Each hour, KHJ would announce some sort of historic event, but withhold the date. If you were whatever number caller, you told them your birthday (month and day) and if your birthday matched the date of the historical event, which they'd announce on the air, you won whatever the jackpot was.
It launched on Wednesday afternoon, April 30 with $2,500 and went up by ten bucks each time they had a loser.
Their winner happened overnight Friday night into Saturday morning, May 3. $2,920. Too soon, too little, wrong daypart. Sucks for promotion, so KHJ figures it's worth it to re-launch the contest with another $2,500 Monday morning.
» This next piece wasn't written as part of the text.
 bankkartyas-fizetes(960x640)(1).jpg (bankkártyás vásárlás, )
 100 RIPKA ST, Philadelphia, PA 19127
A second winner 45 hours after re-launch---$2,950. Again in overnights on May 7.
So, KHJ, made of money in those days, decides to roll the dice one more time, and re-set the jackpot to $2,500, with ten bucks added each hour until the jackpot is won.
And every hour of every day for the rest of the May---nobody wins. By May 30, the jackpot is $8,020. On the back of the May 28 Boss 30, there's a promo that reads:
"On July 16, 1969, the United States is scheduled to rocket the first man to the moon! If the "Birthday Payday" jackpot hasn't been won by then, it'll be worth $18,230 in KHJ cash!"
The trouble is that the official rules for the contest didn't give an end date. KHJ was stuck.
Until the first week of June. When a listener claims what is by then a $10,420 jackpot ($91,520 in today's money).
And for the third time---it happened in overnights. 3:11 a.m.:
For KHJ's fifth birthday (1970), Bill Wade held a piece of cake up to the camera for a Boss 30 cover.
KHJ never mentioned its birthday again.